«N on ho niente da dire»: alle 16,30 di un pomeriggio plumbeo, Edmondo Bruti Liberati sbuca dal suo ufficio di procuratore, dove ha appena incontrato Francesco Greco, procuratore aggiunto, appena rientrato da Roma. Il procuratore Bruti non parla, ma parlano per lui le carte che lunedì ha inviato al Consiglio superiore della magistratura, atto (per ora) finale dello scontro che devasta quella che fu la procura di Mani Pulite. Sono carte di una asprezza senza precedenti, perché il procuratore accusa uno dei suoi «vice», il procuratore aggiunto Alfredo Robledo, di avere ostacolato e messo a rischio l'indagine più delicata in corso a Milano, quella che ha scoperchiato il marcio di Expo. Ma senza precedenti è soprattutto il clima di veleni che ormai agita la Procura che per vent'anni ha incarnato - a torto o a ragione - il baluardo della legalità, e che ora sembra dedicarsi soprattutto a un regolamento di conti senza chance di mediazione.
Bruti ha inviato il suo appunto a Roma lunedì, dopo averci lavorato nel weekend. Era stato interrogato dal Csm il 15 aprile. Ma in quel momento la retata Expo era ancora di là da venire, così il procuratore non si era sbilanciato per evitare danni all'inchiesta. Ma ora, senza più segreti da tutelare, parte all'attacco di Robledo, il suo vice che lo ha accusa di gestire la procura da politico, da uomo di corrente, e non da magistrato imparziale; e che ora si trova a sua volta sotto accusa da parte del suo capo, mentre intorno ai due contendenti si vanno delineando con sempre maggiore chiarezza alleanze e schieramenti. E anche questo finisce col rafforzare l'immagine di una Procura ormai ingovernabile.
«Le iniziative del procuratore aggiunto Robledo hanno determinato un reiterato intralcio alle indagini» scrive Bruti nella nota inviata al Csm. Robledo accusa Bruti di avergli scippato l'indagine Expo per affidarla violando ogni regola a Ilda Boccassini. Bruti ribatte accusando Robledo di aver messo a rischio l'indagine su Expo inviando al Csm atti ancora segreti, e che rischiavano di mettere gli indagati sull'avviso della retata imminente. E lo incolpa anche della «surreale» iniziativa di disporre un secondo pedinamento di un indagato, ben sapendo che i finanzieri lo stavano già controllando.

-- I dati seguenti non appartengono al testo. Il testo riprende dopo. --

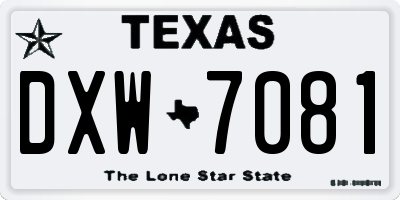TX license plate DXW7081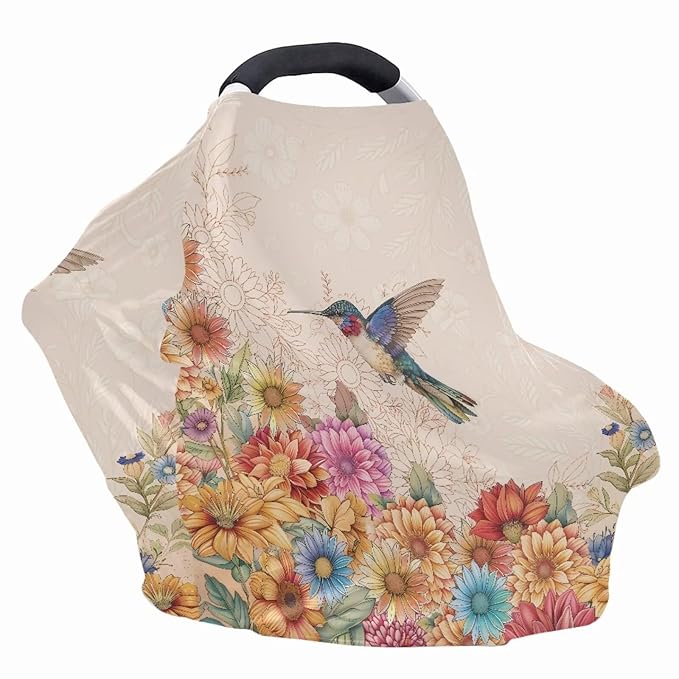 Forchrinse Hippie Hummingbird Floral Print Nursing Breastfeeding Cover,Baby Car Seat Canopy Infant Stroller Covers for Newborn Boys and Girls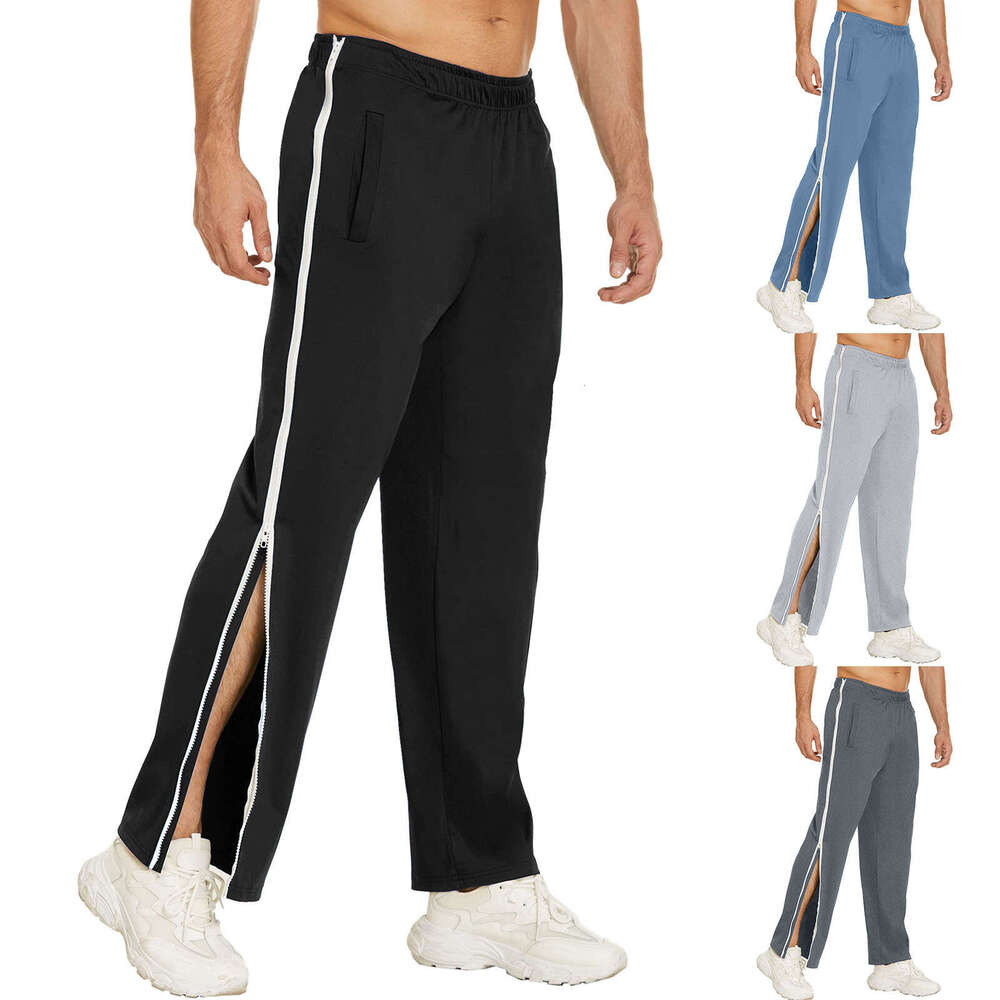 Men's Trendy Sports Zipper Loose Sweatpants Training Quick-Release Basketball Pants Breathable Moisture-Wicking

Più vanno avanti le audizioni al Csm, insomma, più appare chiaro che la procura di Milano sta esplodendo. Ieri vengono ascoltati, dalla prima e settima commissione congiunte, Francesco Greco e Ferdinando Pomarici. Il primo fa parte, secondo Robledo, del «cerchio magico» di Bruti; il secondo è un moderato, sconfitto quattro anni fa da Bruti nella corsa al posto di procuratore. Greco difende il capo, Pomarici lo attacca; Greco nega che ci sia stato il ritardo di un anno nell'iscrizione di Roberto Formigoni nel registro degli indagati per l'indagine San Raffaele, come denunciava Robledo; Pomarici conferma che l'assegnazione dell'indagine Ruby a Ilda Boccassini fu una «anomalia», perché l'indagine era «palesemente estranea» alle competenze della Dda diretta dalla Boccassini e che la decisione di Bruti era «anomala e non conforme ai criteri vigenti», e rivela che le obiezioni vennero messe nero su bianco in una lettera al capo, e ribadite in una successiva riunione in procura. Pomarici aggiunge che per il caso Sallusti il procuratore voleva un «unicum», una «deroga», una sorta di «operazione chirurgica», per impedire ai pm di arrestare il direttore del Giornale.
Ma più dei singoli dettagli, delle storie di fascicoli finiti nelle mani giuste o sbagliate, il gigantesco garbuglio che il Csm si trova a dover sbrogliare è quello di una Procura dove l'aria rischia di farsi irrespirabile. Bruti Liberati ne è consapevole, e per contenere l'effetto destabilizzante della situazione raccomanda al Csm la «sollecita definizione» del caso, perché l'ufficio possa «svolgere il suo difficile compito in un clima di normalità».